Ontario electricity consumers will benefit from less risk and lower prices if the province moves to a capacity market for obtaining generation, according to a report from the C.D. Howe Institute. In “Rethinking Ontario’s Electricity System with Consumers in Mind,” author Michael Wyman calls for the province of Ontario to adopt a capacity market, in which generators would receive payments for being available to produce energy, if needed, at some point in the future.
“After a decade of relying on the centrally managed Ontario Power Authority (OPA) to procure capacity, Ontario consumers are on the hook for a substantial amount of project-development risk,” states Wyman. He draws attention to when Ontario ratepayers had to cover over $900 million in charges relating to the relocation of the Oakville and Mississauga OPA-gas contracts.

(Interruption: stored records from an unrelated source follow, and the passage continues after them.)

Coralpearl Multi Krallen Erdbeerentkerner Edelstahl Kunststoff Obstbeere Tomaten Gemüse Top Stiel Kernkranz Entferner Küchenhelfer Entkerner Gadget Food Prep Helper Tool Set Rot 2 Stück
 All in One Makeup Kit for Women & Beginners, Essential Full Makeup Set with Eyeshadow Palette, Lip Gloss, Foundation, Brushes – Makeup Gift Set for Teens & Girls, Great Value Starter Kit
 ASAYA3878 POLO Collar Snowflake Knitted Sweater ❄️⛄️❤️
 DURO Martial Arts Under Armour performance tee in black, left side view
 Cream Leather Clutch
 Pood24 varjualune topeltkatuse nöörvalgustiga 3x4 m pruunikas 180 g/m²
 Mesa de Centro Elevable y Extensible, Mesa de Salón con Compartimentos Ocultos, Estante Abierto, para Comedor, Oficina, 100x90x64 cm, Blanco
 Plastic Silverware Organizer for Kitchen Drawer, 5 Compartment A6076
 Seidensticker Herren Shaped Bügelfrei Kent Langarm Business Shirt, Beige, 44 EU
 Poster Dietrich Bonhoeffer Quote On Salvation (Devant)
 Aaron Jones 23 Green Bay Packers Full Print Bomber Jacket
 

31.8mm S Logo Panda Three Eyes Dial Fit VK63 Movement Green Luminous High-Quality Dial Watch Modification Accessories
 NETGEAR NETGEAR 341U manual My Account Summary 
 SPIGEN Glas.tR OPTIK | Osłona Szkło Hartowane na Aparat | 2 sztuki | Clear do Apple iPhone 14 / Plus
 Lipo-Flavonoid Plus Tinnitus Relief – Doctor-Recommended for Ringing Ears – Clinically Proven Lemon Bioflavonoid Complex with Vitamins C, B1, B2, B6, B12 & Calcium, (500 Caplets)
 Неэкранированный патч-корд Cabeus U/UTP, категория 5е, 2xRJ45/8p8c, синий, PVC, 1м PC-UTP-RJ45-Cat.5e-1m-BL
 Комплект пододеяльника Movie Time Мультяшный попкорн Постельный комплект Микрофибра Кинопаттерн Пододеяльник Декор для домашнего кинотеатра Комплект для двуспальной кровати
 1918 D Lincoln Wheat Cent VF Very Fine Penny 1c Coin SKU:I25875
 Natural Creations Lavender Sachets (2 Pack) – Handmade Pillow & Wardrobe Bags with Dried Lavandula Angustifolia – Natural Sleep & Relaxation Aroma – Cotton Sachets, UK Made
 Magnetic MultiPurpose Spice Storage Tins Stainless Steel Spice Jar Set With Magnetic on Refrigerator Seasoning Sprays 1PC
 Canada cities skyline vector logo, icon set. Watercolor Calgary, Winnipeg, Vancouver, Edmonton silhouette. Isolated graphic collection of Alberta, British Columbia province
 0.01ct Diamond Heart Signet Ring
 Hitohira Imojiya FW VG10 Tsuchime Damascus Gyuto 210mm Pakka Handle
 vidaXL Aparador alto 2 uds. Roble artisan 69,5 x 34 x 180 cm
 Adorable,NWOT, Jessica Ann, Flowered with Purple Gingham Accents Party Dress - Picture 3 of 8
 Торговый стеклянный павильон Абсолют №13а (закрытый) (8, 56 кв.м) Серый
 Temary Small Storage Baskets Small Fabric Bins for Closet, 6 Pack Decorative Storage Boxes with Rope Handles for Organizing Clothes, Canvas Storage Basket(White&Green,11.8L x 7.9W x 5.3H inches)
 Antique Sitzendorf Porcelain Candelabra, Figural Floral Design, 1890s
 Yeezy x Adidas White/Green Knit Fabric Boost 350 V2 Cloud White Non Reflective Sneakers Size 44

Capacity markets allocate project development risks to the most logical risk bearer: the generation developer. A capacity market in Ontario would also have the benefit of de-politicizing the power acquisition process. Further, relying on a capacity market would increase transparency by forcing more pricing and discussions into the public domain. Presently, the contract price of individual OPA contracts for natural gas-fired generators is confidential, and negotiations about extending nuclear often take place behind closed doors.
Wyman recommends that a capacity market in Ontario should include features that have proven critical to the success of such markets in other jurisdictions, such as:
Varying the capacity price among different geographic locations within the province.
Incorporating demand response.
Setting resource requirements in a well-reasoned and de-politicized way.
Integrating with neighboring markets, such as New York or Quebec, to the greatest extent possible, by treating out-of-province supply as equivalent to in-province generation to ensure that customers receive the most economical sources of new capacity.
Avoiding local-content requirements.
Combining a capacity market with market-based renewable energy markets or emissions pricing – replacing more politicized mechanisms.
The report concludes that laying the groundwork for the eventual transition away from the OPA’s central procurement towards market-oriented mechanisms is a necessary first step to a reliable, and efficient electricity generation system that reduces ratepayer risk.